Insurers, who until now have vowed to fight any version of a public option to the death, should in fact welcome this forcing device. Why? Because it's the only way they can halt the industry's descent from merely being demonized today to facing the regulatory equivalent of lynch mobs tomorrow. It is insurers, after all, who will be blamed as health premiums continue to soar. Yet this blame will largely be unfair. The dirty little secret of health care is that it is not the market power of insurers that fuels health costs, but the local market power of doctor groups, hospital chains, and other local provider oligopolies. Insurers today lack the clout to fight the terms offered by the big local provider organizations (if they want to serve a market, for example, there's no choice but to include the big local doctor group in their network). And they'll never persuade ambitious attorneys general to run the political risk of cracking down on overreaching doctors and hospitals—these "good guys" hold sway over elected officials in every district.

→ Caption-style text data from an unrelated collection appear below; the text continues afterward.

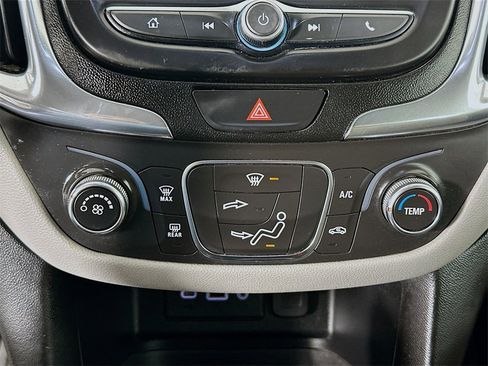 Used 2019 Chevrolet Equinox LS image 15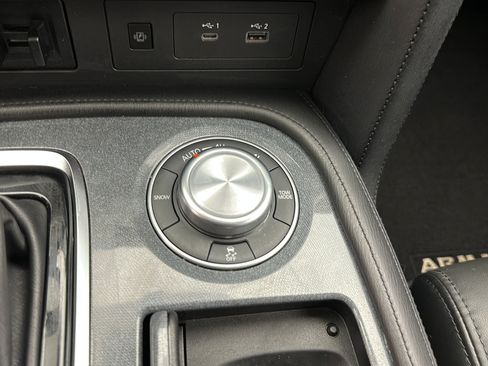 Used 2021 Nissan Armada SV AWD/4WD image 23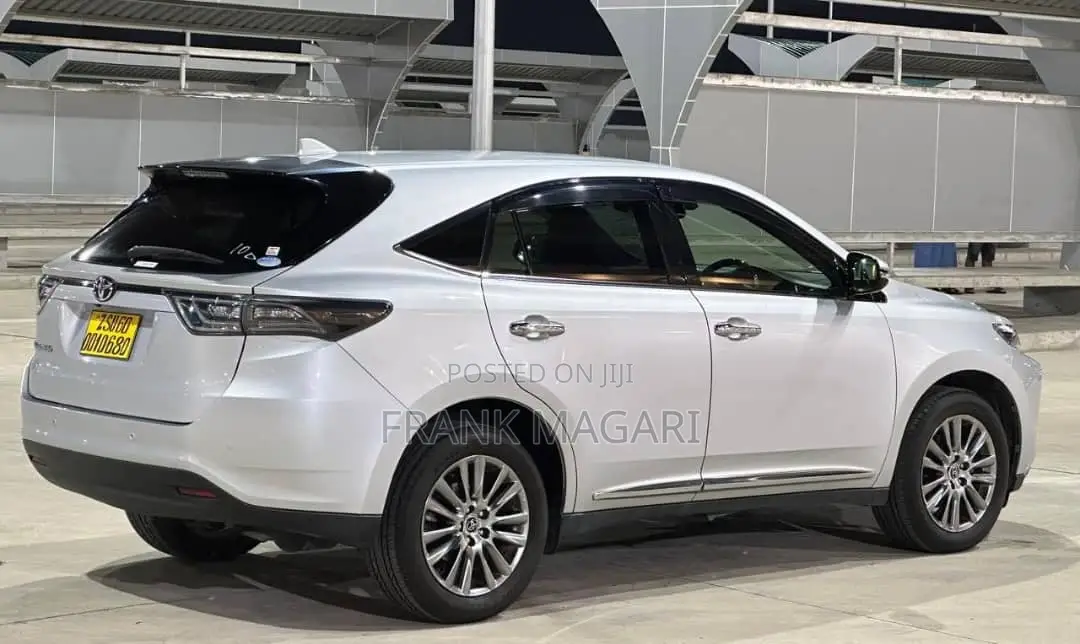 Toyota Harrier 2.5 Hybrid 4WD 2014 Silver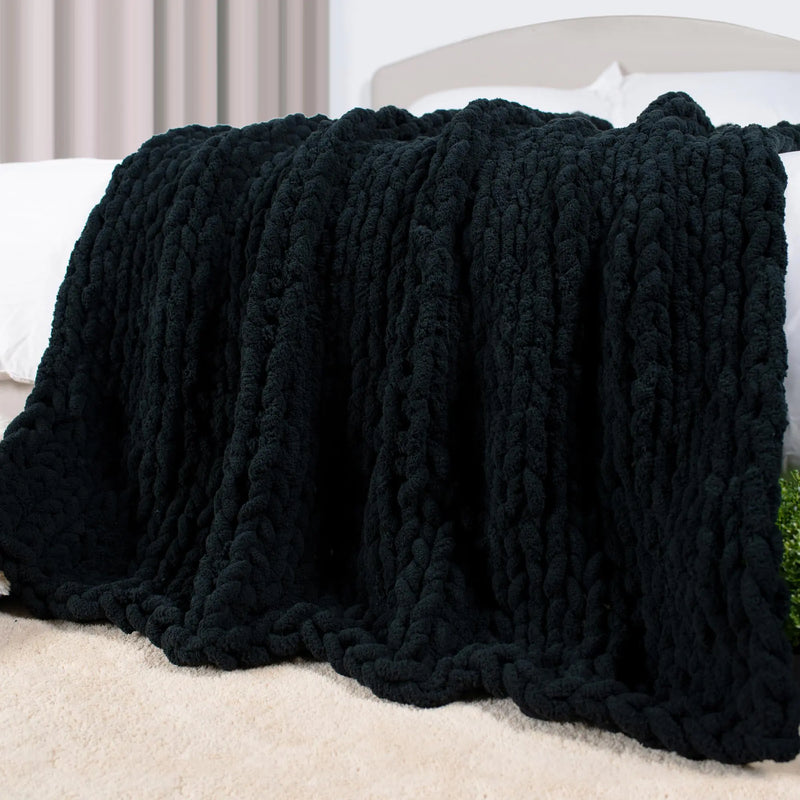 Carriediosa Chunky Knit Throw Blanket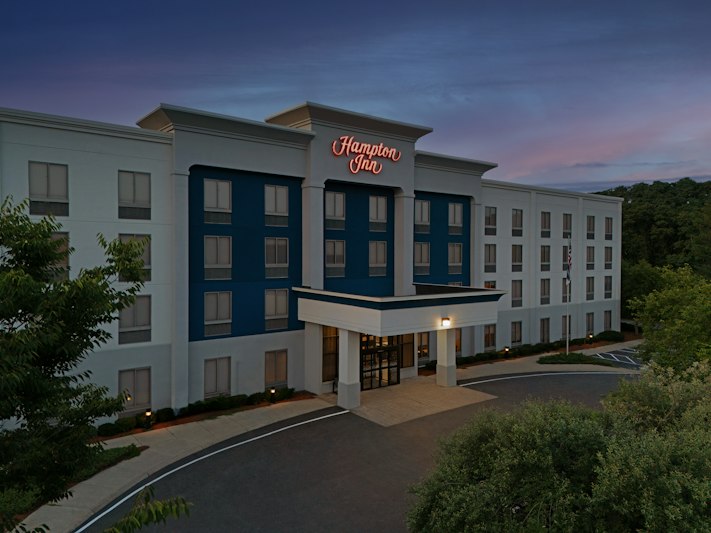 Hampton Inn Haverhill 2/50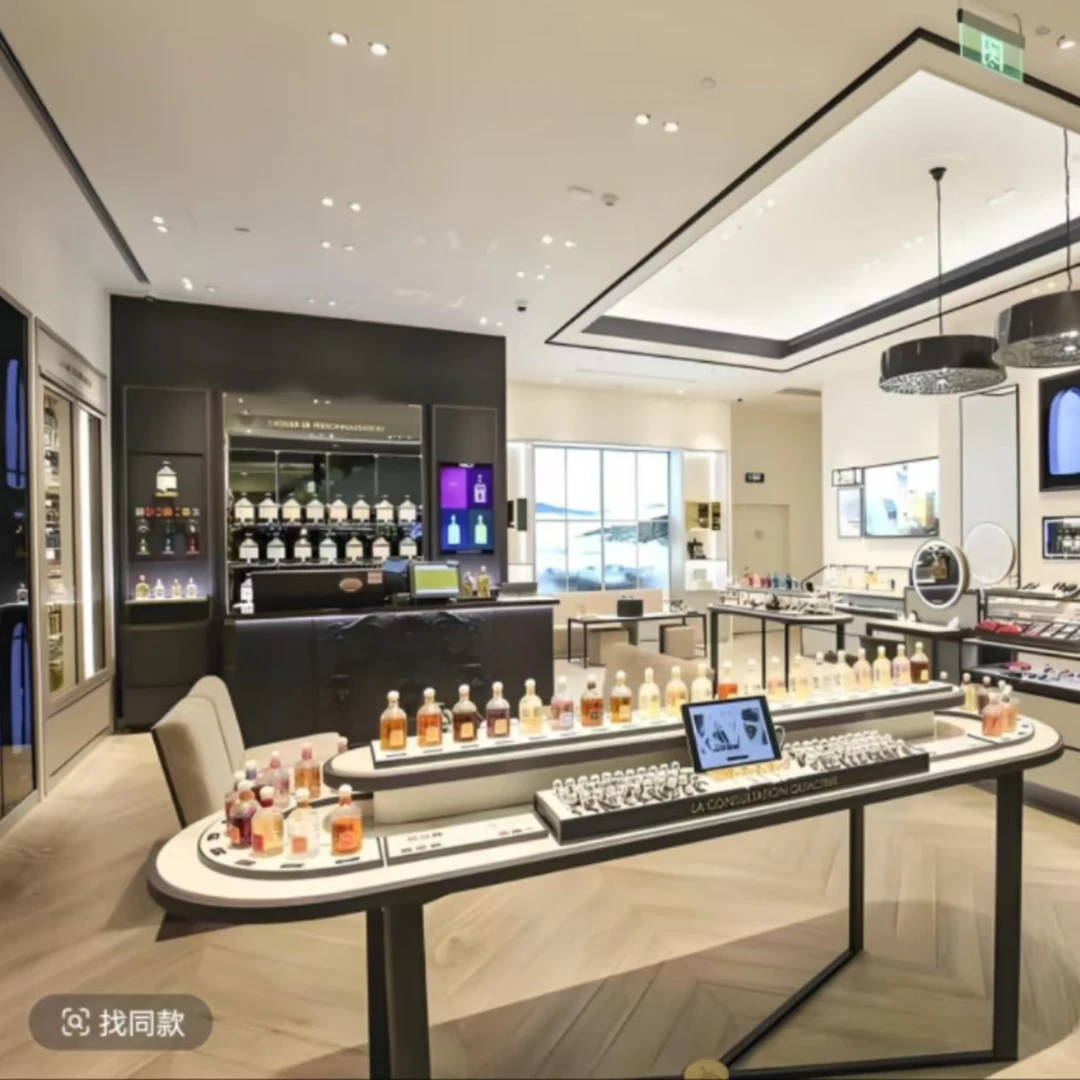 热门八件套。无界。粉邂逅。无人区。反转。黑鸦。真我。甜心。自由之水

The public-option trigger would thus give health plans the tool they've lacked to force an entirely new set of negotiations about cost-effective care delivery in every market. The fear of God—or, at least, of Uncle Sam—would finally give health plans a chance to contribute to society by boosting the value Americans get from every health-care dollar.

Liberals who prefer an immediate and national public option should be comfortable with a trigger in the end. After all, the goal is affordable health care for every American—the public option is merely a means to that end. If the trigger threat makes it happen, great; and if it doesn't do the trick, the public option clicks in. Republicans who are serious about health costs should also cheer this approach because it sets a broad public goal and only adds new government action if the private sector can't deliver. (Of course Republicans won't support it because they won't support anything that helps President Obama, but that doesn't mean GOP ideas won't have been included.)

With Nancy Pelosi lacking the votes for a full public option in the House, and Olympia Snowe pledging to withhold her vote if a full public option is added in the Senate, the policy and political logic of the public-option trigger will soon be irresistible.